I have a question for you guys. I live in Saskatchewan about 4 hrs N. of Minot and have never hunted snows in the field, we always target Canada's and Ducks . We use 48 Fullbodys and do o.k. 
My question is this. If i were to build a decent spread that would be functional. What is the minimum number of decoys would I need to be successful on a regular basis?


----------



## ValleyCityHunter2008 (Jan 13, 2008)

I'v heard 600 is a good number. I use 350 myself and have a had some success with pulling snow geese down from the skiy in the spring. It takes a while to set up and take down 600 decoys. So remember that to. I wouldn't put up a snow spread if it wasn't sillo socks or wind socks because everything else takes to long to put up and take down. Plus storage space.

Use an electronic caller as well. That is more affective than decoys.


----------



## goosegrinder (Mar 4, 2005)

> Use an electronic caller as well. That is more affective than decoys


 How many geese have you shot with just an e-caller and no decoys out?? And how many times have you hunted snow geese that way??

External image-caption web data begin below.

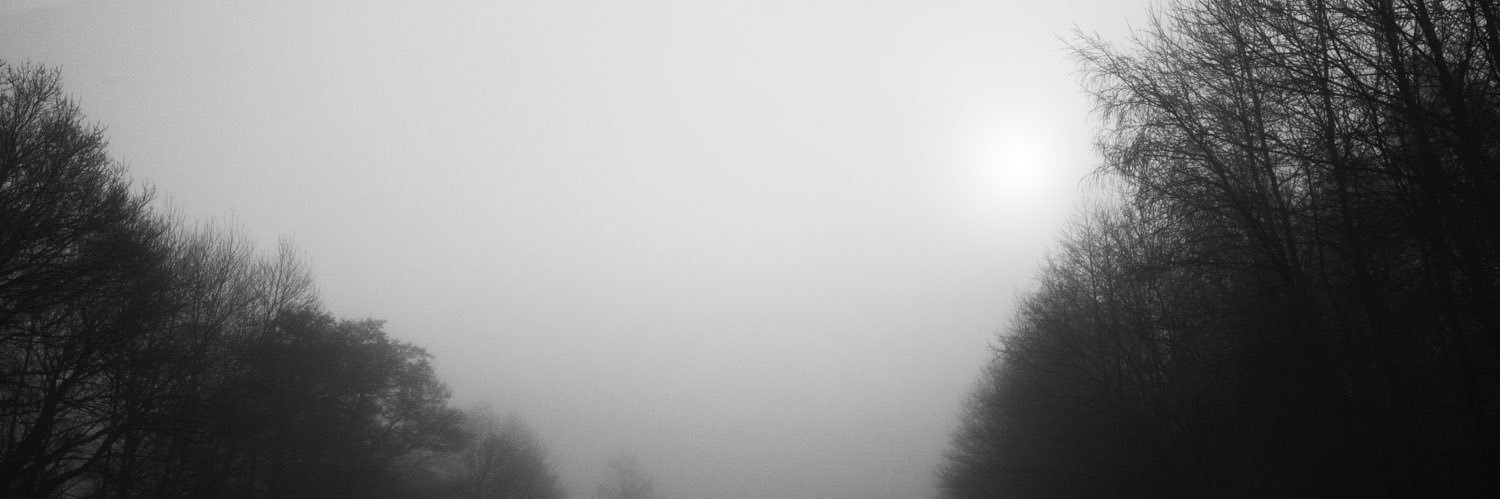 danjhel's profile banner image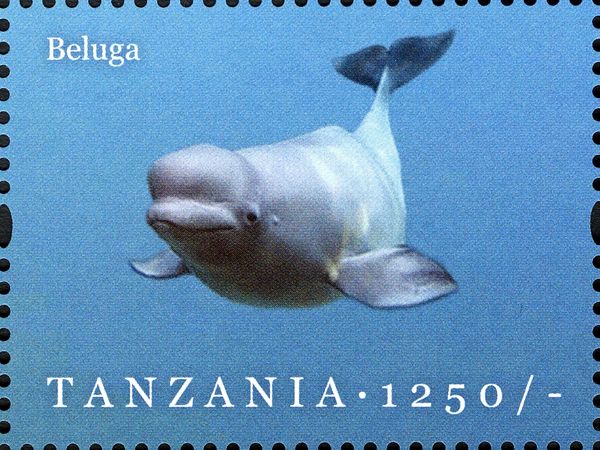 Beluga (Delphinapterus leucas)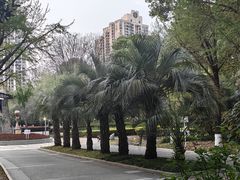 -苏州河梦清园环保主题公园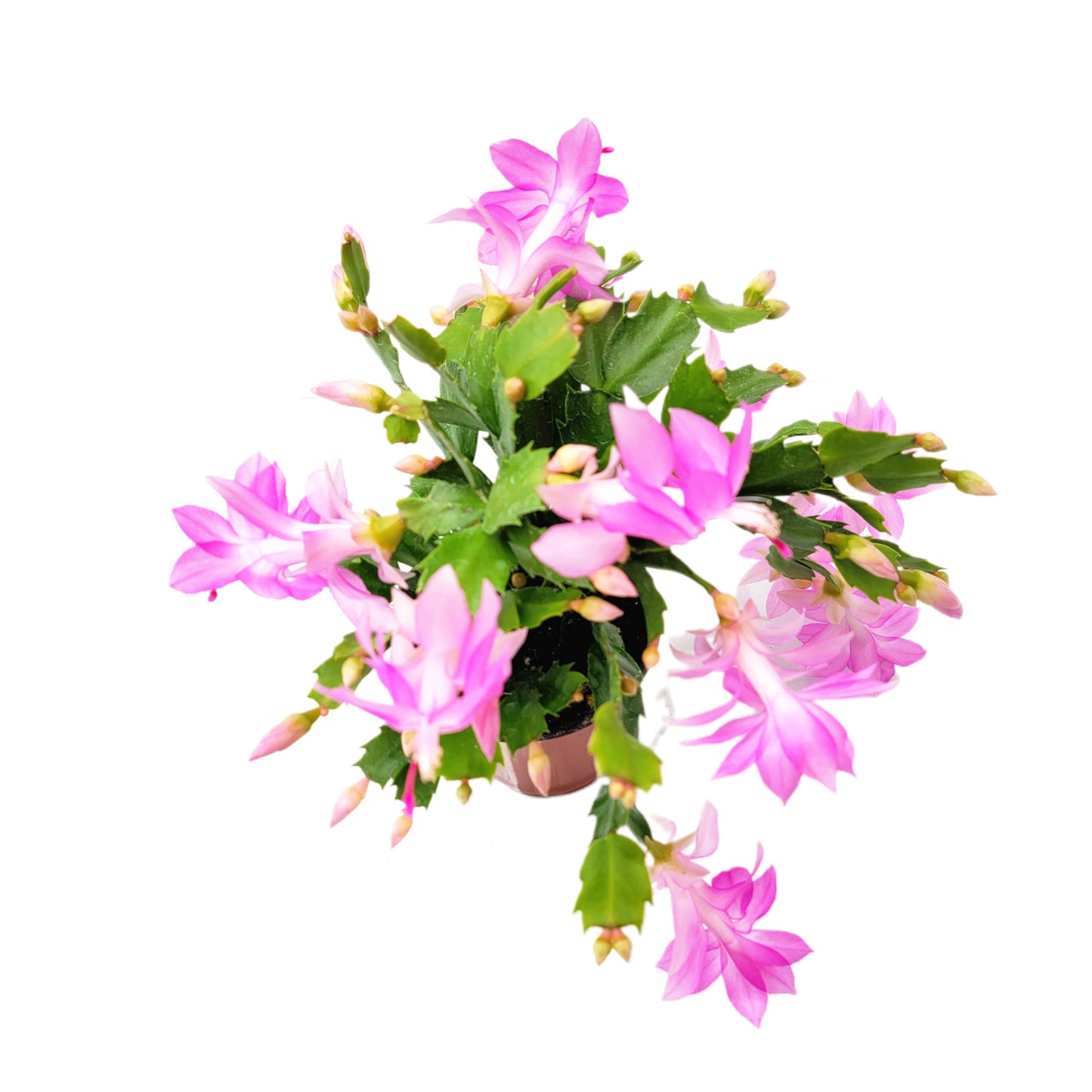 Wonderland Flora Thanksgiving Cactus, Pink Seasonal Blooms, Live Indoor Plant, Flowering Houseplant, Christmas Cactus, 4-Inch Pot, Holiday Decor, Pet Safe, Free Heat Pack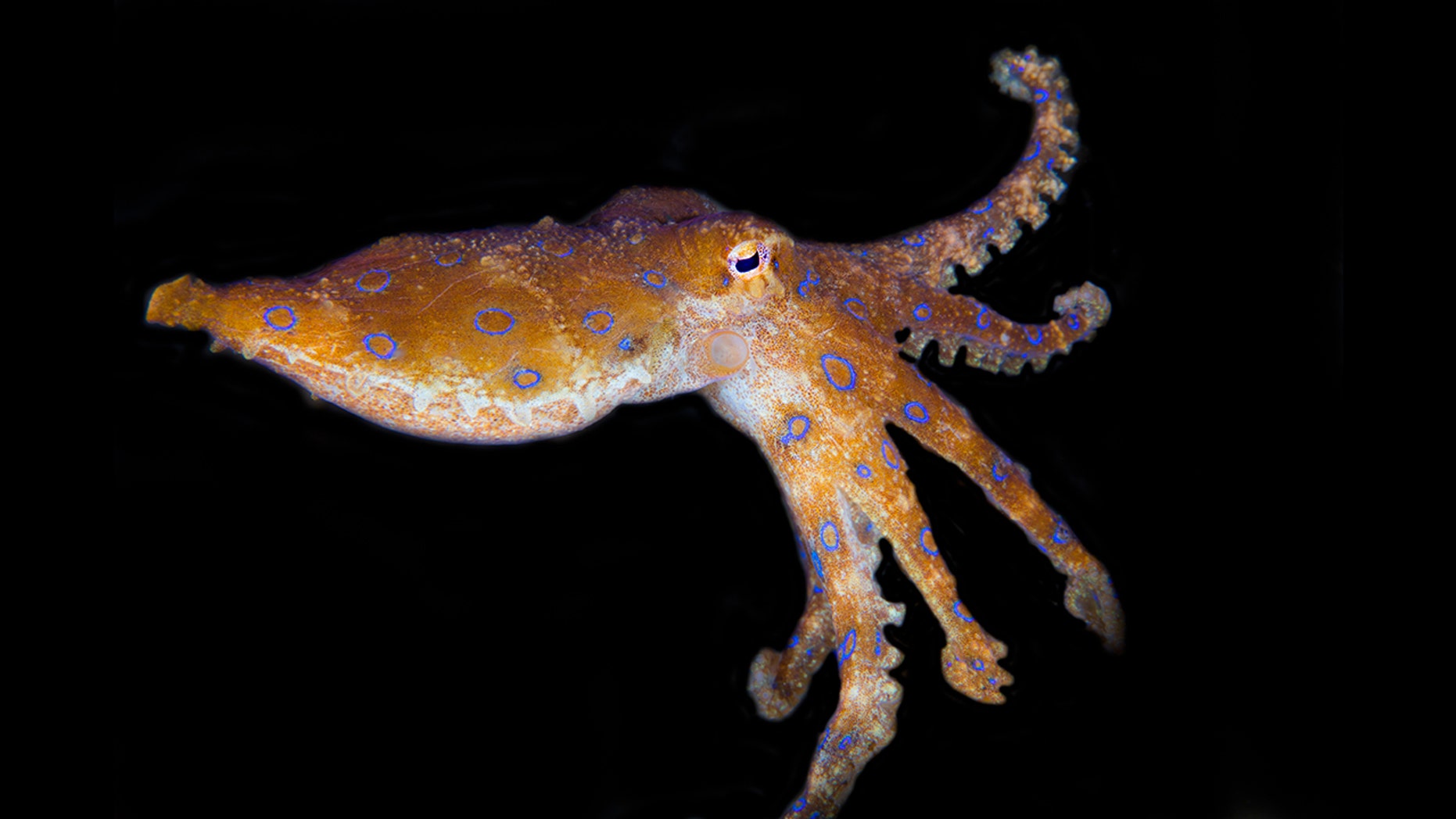 blue ringed octopus bite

With decent quality decoys, I'd say 250-300 can easily kill snow geese consistantly.

Alex


----------



## ValleyCityHunter2008 (Jan 13, 2008)

goosegrinder said:


> > Use an electronic caller as well. That is more affective than decoys
> 
> 
> How many geese have you shot with just an e-caller and no decoys out?? And how many times have you hunted snow geese that way??


None


----------



## printer (Dec 13, 2009)

start with about 150 silos. seems you can get away with using fewer in the fall. I would also say use a e caller if possible.
If you dont use an e caller you can use your dark goose decoys but keep them seperate. I put my snow decoys behind me twenty or thirty yards. doesnt always work perfectly but we seem to always mix a few in when the birds are in the area. good luck.


----------



## Andy Weber (Nov 18, 2009)

There is alot of talk on here about this exact subject. 
It depends alot on what kind of decoys, Full bodies, shells, rags, silo, etc. And where you are. I use a few hundred Full bodies and a few hundred TNTs and I do not think it makes a difference when we mix two spreads together to make it bigger, so in MY OPINION there is a point where you can stop. But If you are on a budget, there are always rags on here for sale from people upgrading or selling out, heck I think I still have my texas rags from when I started, they got me hooked!


----------



## teamshakeandbake (Oct 14, 2008)

In the spring i have sat in the ditch right towards dark and turned the ecaller on or right early in the morning without any decoys and had flocks of snows lock up and come into shooting distance....


----------



## nodakoutdoors.com (Feb 27, 2002)

This fall it doesn't matter - 10 dozen may be enough for the amount of juvies. Do whatever you can to put a spread together and get out and experience this fall....not many snow goose hatches like this!


----------